At 6:52 PM, Anonymous me said...

"Is Pete Sessions (R-TX) A Crook?"

Republican, check. Texan, check.

What more do you need to know?

 
At 7:53 AM, Anonymous Balakirev said...

Hey, me, "Texan" is usually enough for that. :D

 
At 5:03 PM, Anonymous Anonymous said...

Really? You are so ignorant of the facts that you will make that kind of blanket statement. Sadly, most politicians at the federal level take money from pretty much anywhere they can get it. Being a Texan doesn't make you a crook anymore than standing in your garage makes you a car. I'd be willing to bet niether of you have ever been to Texas or even know the first thing about this great state.

 
At 5:12 PM, Blogger DownWithTyranny said...

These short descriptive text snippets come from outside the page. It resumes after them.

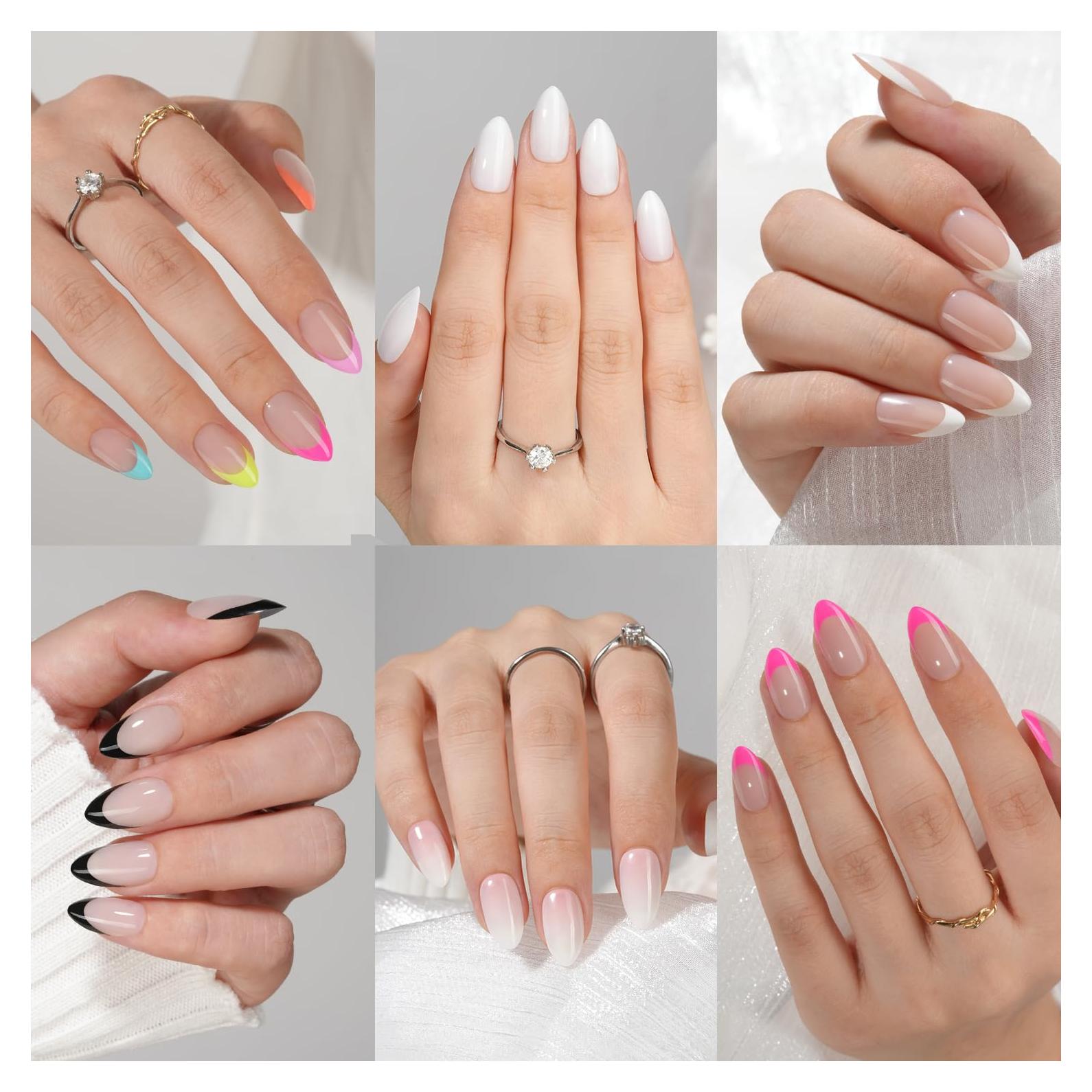 6 Paquetes Uñas Postizas Almendra Misssix French Tip Cortas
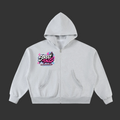 BUBBLE GUM CONCRETE Fleeced Full-Zip Boxy Hoodie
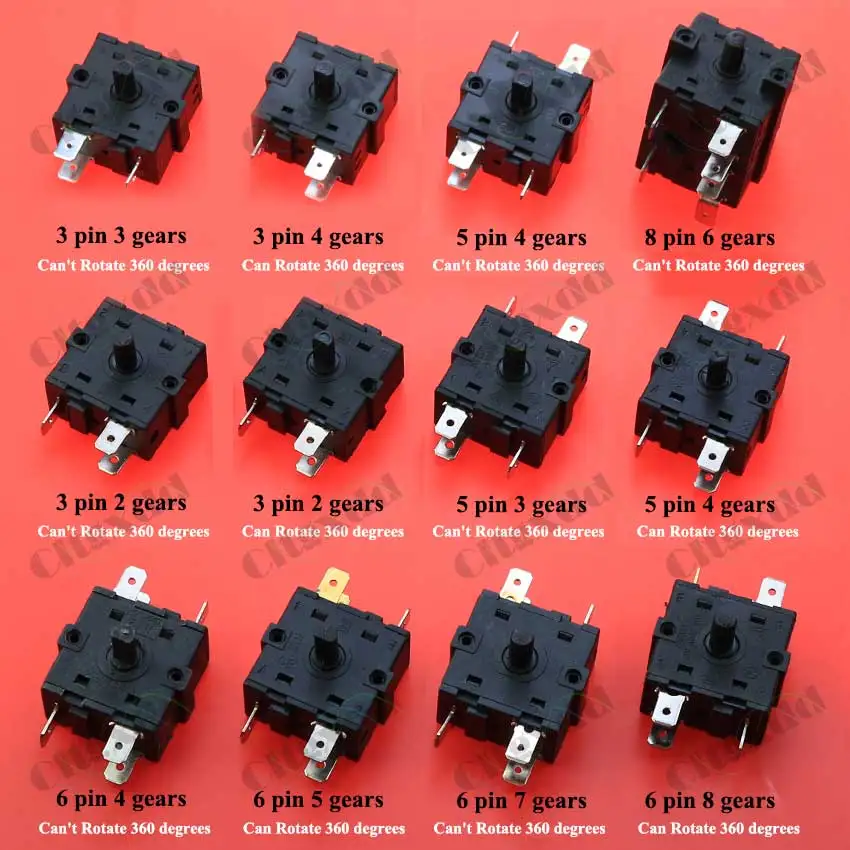 Cltgxdd 1PCS Elektrische Raumheizung Position 2/3/4/5/6/78 Gänge 3 4 6 8 Pin 5Pin Drehschalter Selector AC 250V 16A Kühler – Detail 1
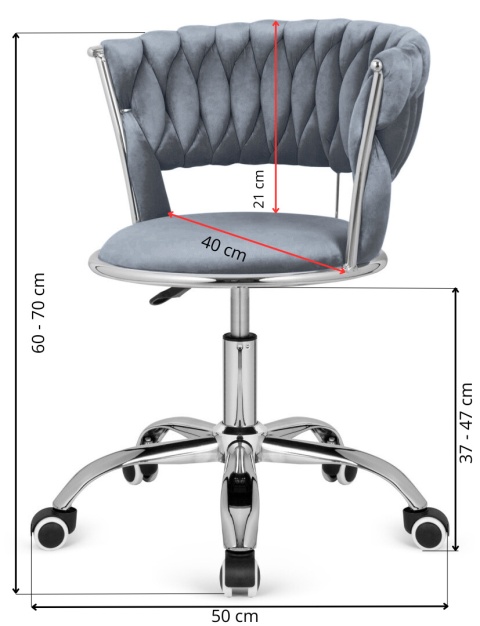 Krzesło obrotowe warkocz TRECCIA OFFICE BLACK VELVET II GATUNEK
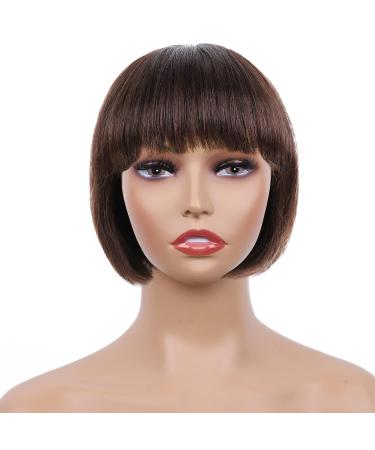 Short Bob Human Hair Wigs - Brazilian Virgin Human Hair Wigs with Bangs Natural Hairline Short Straight Hair Wig Caps for Black Women (KINKYS MISSMIZZ) 8 Inch 4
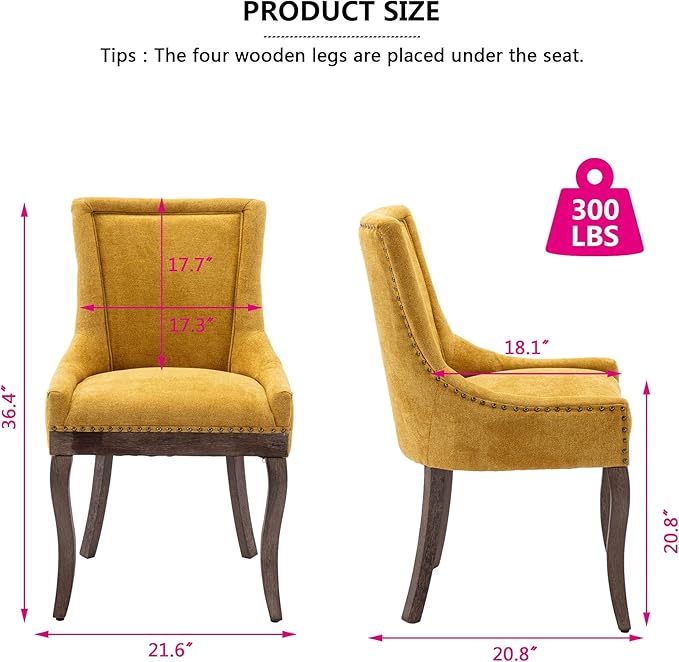 Farmhouse Dining Chairs Set of 6, Upholstered Fabric Dining Room Accent Chairs with Wood Legs & Bronze Nailhead, High Wingback Kitchen Chairs for Living Room Hotel Apartment, Golden Yellow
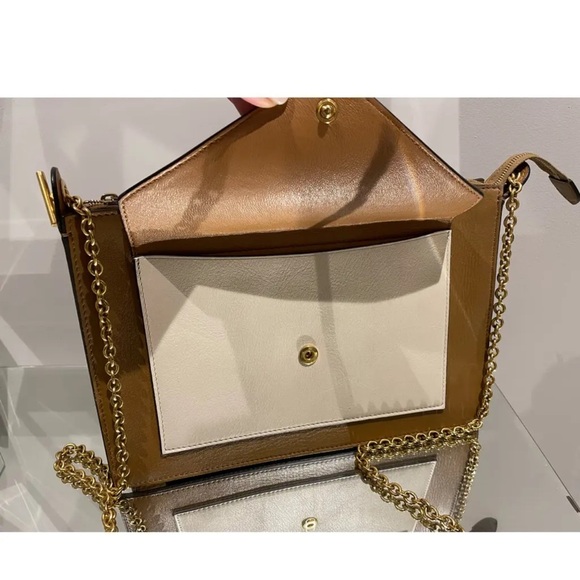 Celine Tan and Blue Shoulder Bag with Gold Chain - Picture 2 of 6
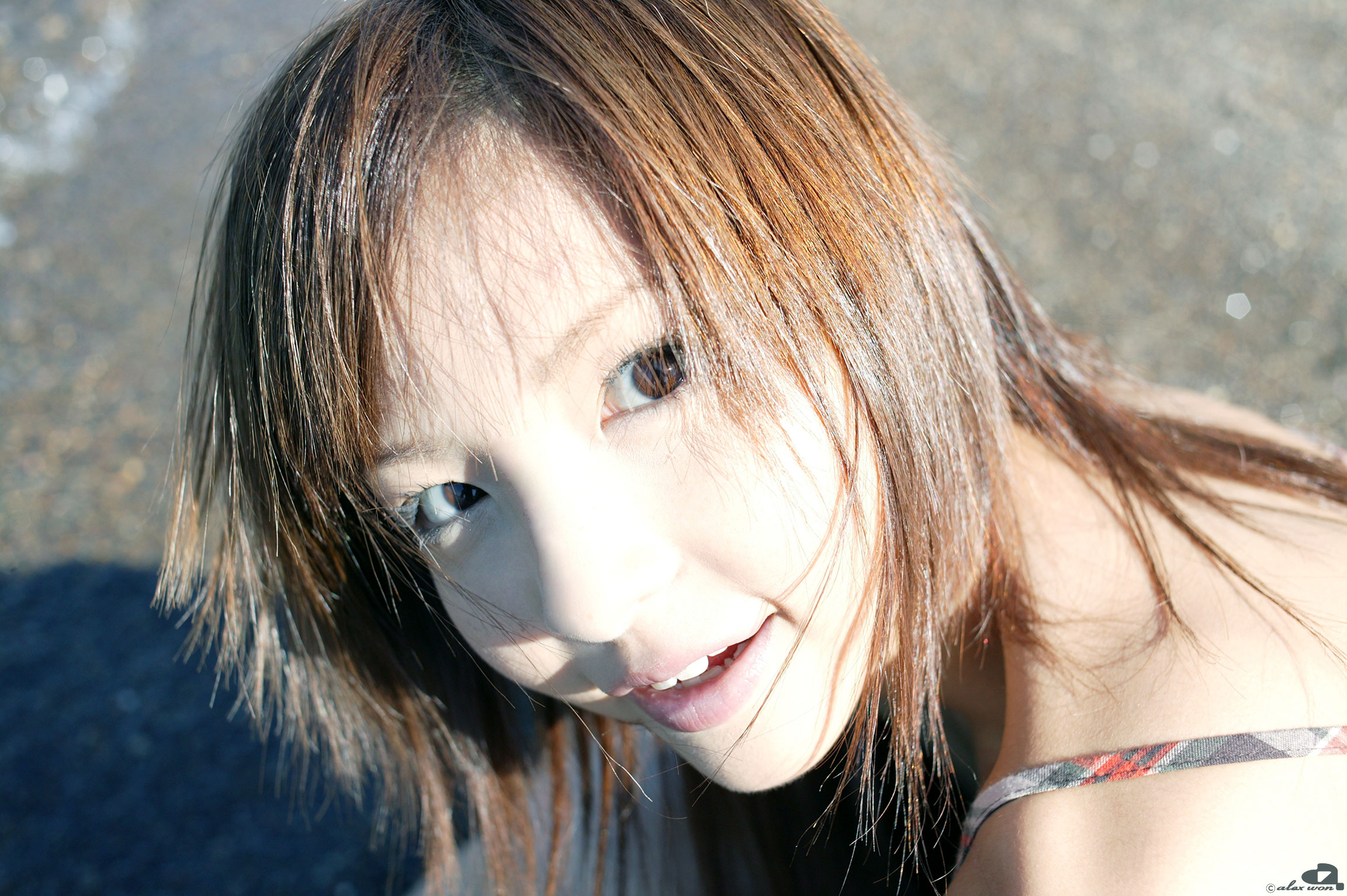 nagasaki rina, highres, photo (medium), tagme, beach, camisole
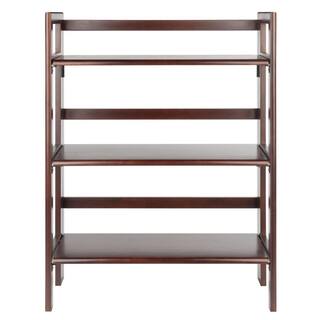 WINSOME WOOD Terry 3-Tier 38 in. H Foldable Walnut Bookshelf 94896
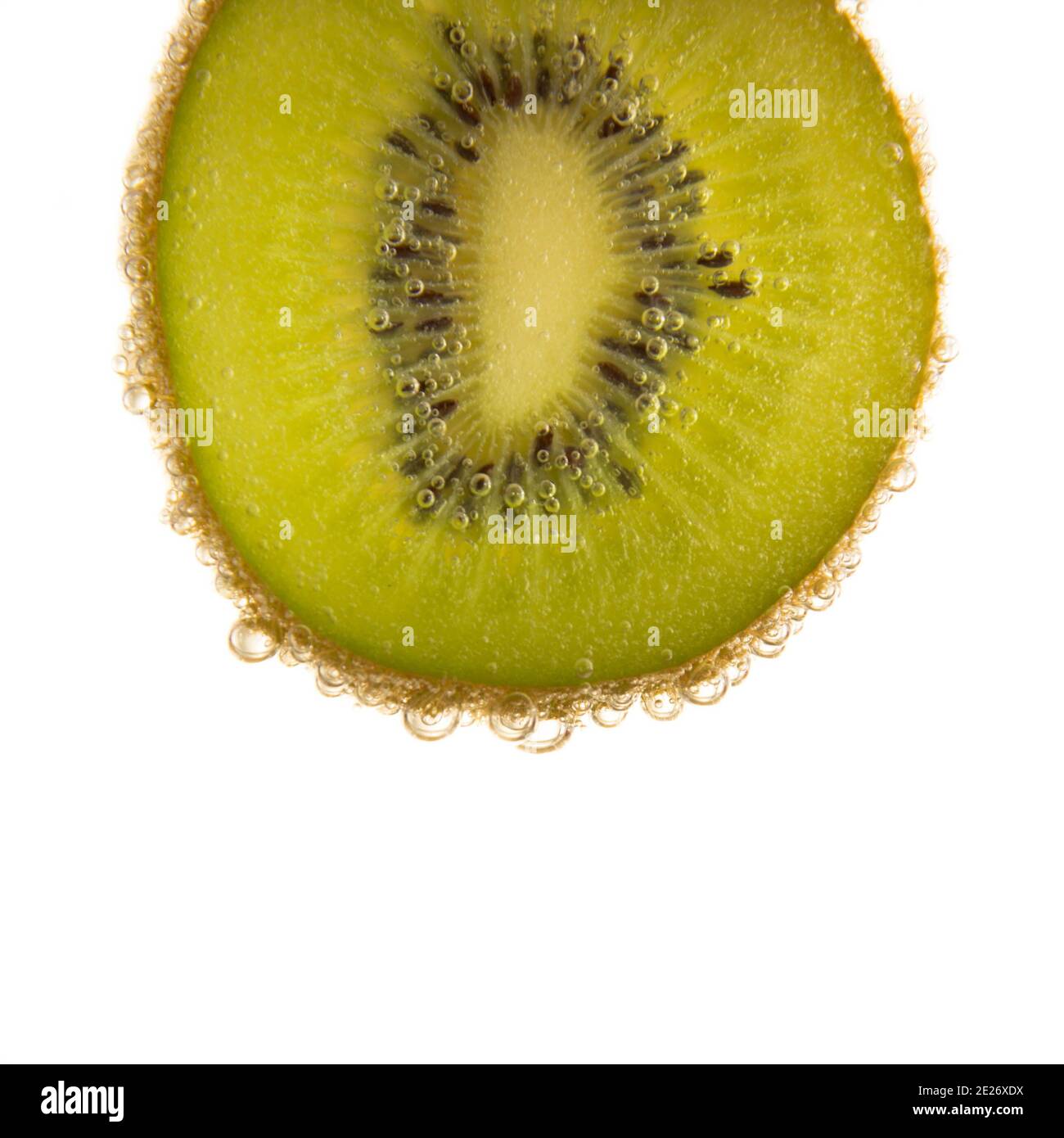 Kiwi-Scheibe in Seifenblasenflüssigkeit getaucht. Weißer Hintergrund. Stockfoto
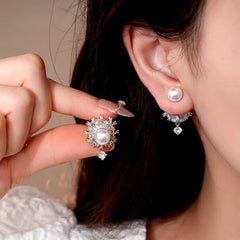 14K Gold-Plated Elegant Zircon Pearl Jacket Earrings - elegant silver jacket earrings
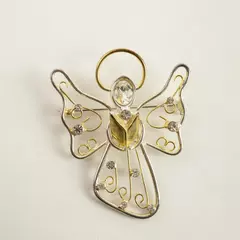 Gold & Silver-Tone Crystal Rhinestone Wire Angel Brooch Pin 2in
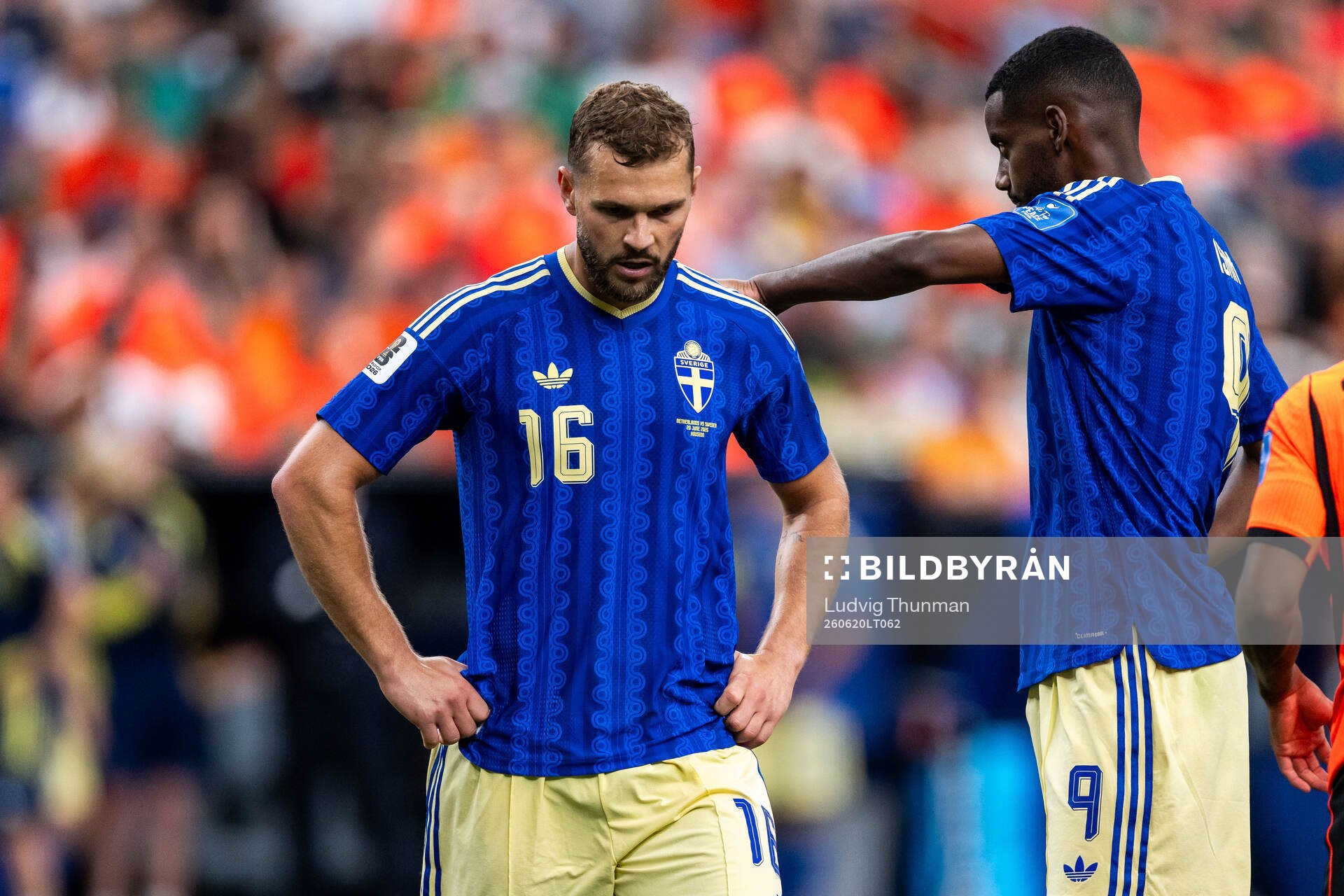 Jesper Karlström and Alexander Isak of Sweden look dejected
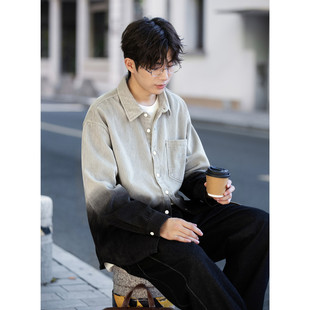 唐狮2026春秋男渐变灯芯绒长袖衬衫时尚设计感潮流百搭外套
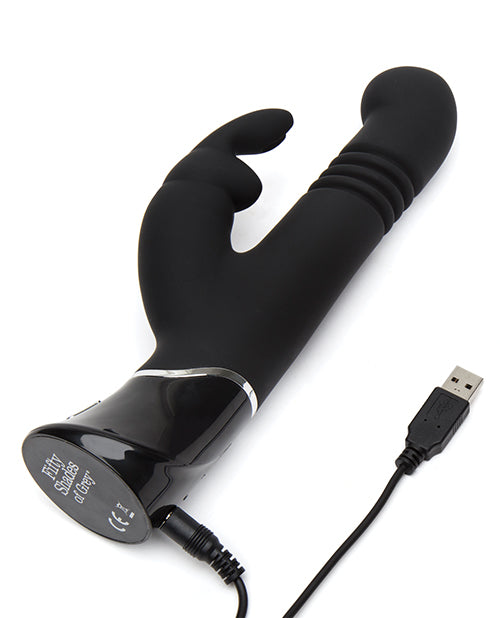 Fifty Shades of Grey Greedy Girl Rechargeable Thrusting G-Spot Rabbit Vibrator - Black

First time I went to Texas was in 1967. Two Texas Rangers arrested my friend and I for having longish hair, drove us out to the desert, made like they were going to execute us and drove away laughing. I was so scared, I stashed an envelope of acid tabs in the cushions of their backseat.

I've been to Texas dozens of time since and the company I was president of had offices in Dallas and Houston. I always preferred Austin and San Antonio though.

The first time I went to a Chinese restaurant in Amarillo, they were serving baskets of rye bread on the tables and the "Chinese food" was canned chop suey.